Bush's 20-in-10 plan is a goal he set forth in his most recent State of the Union address. It aims to cut America's gasoline usage by 20 percent over the next 10 years.
Alternative Fuels
Part of the proposal is to set a mandatory fuel standard that calls for 35 billion gallons of renewable and other alternative fuels by 2017. "That's nearly five times the current target," Bush noted.
The other part of the president's proposal is to increase automobile fuel efficiency. His administration has twice increased fuel economy standards for light trucks, but government standards for passenger cars have essentially gone unchanged for two decades.

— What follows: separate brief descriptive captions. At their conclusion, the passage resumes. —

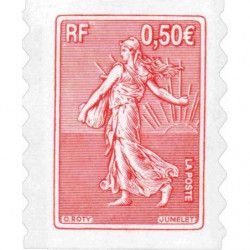 Timbre autoadhésif de France N°36 - Semeuse de Roty.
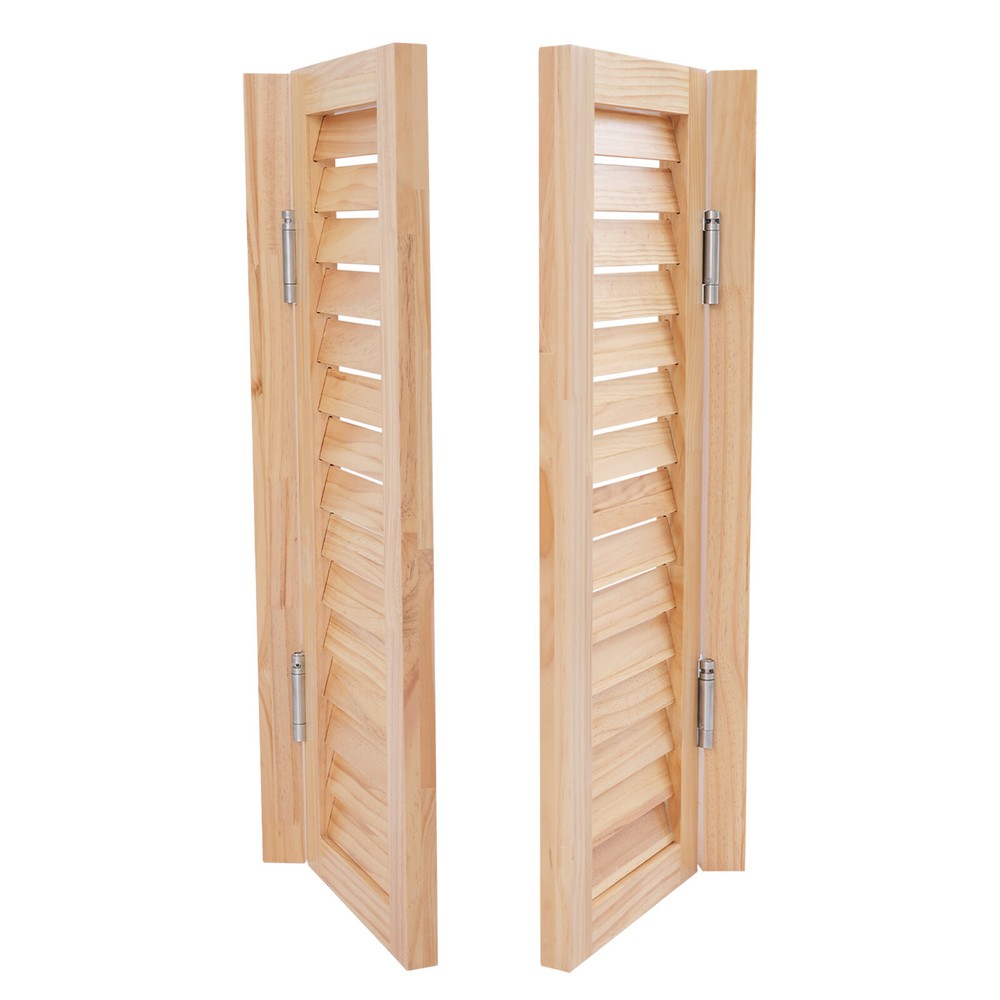 2pcs Wood Color Partition Doors, Wall Mounted Solid Wood Partition Doors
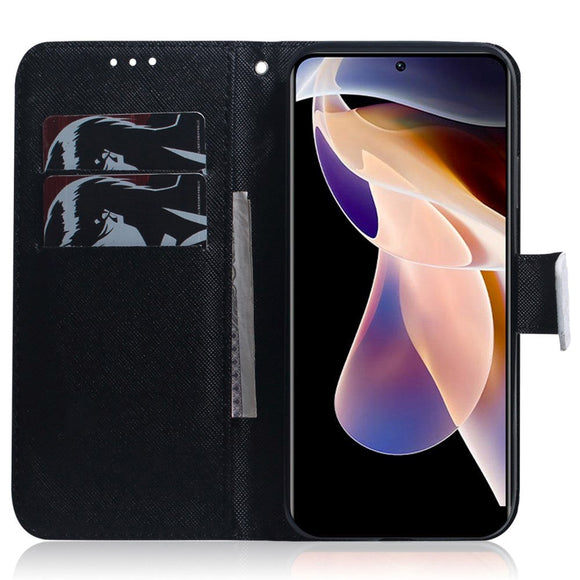Google Pixel 6 Pro Læder Cover m. Pung & Print - Panda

Part of the president's rationale for making changes is to reduce American dependence on oil, he said, which is a risk for the U.S. economy because a supply disruption could have a harmful impact by driving up fuel costs. In addition, he said dependence on oil makes America more vulnerable to hostile regimes and terrorists.
Not So New?
"It looks to me likes he's offering old wine in a new bottle to some extent," H. Sterling Burnett, a senior fellow with the National Center for Policy Analysis, told TechNewsWorld. "He says he's going to do something, both about climate change and energy dependence, and the plans that he's trying out are things that he's already offered. ... [As] for his new rules and regulations? Well, they are going to be done when? As he's leaving the White House and turning the keys over to the new president, basically."
Burnett not sure that raising fuel economy standards is going to generate much savings in fuel use and emissions, he added.
"The reason is, if we raise fuel economy standards, you make it cheaper to drive. And when you make something cheaper that people like to do, they do more of it," he explained.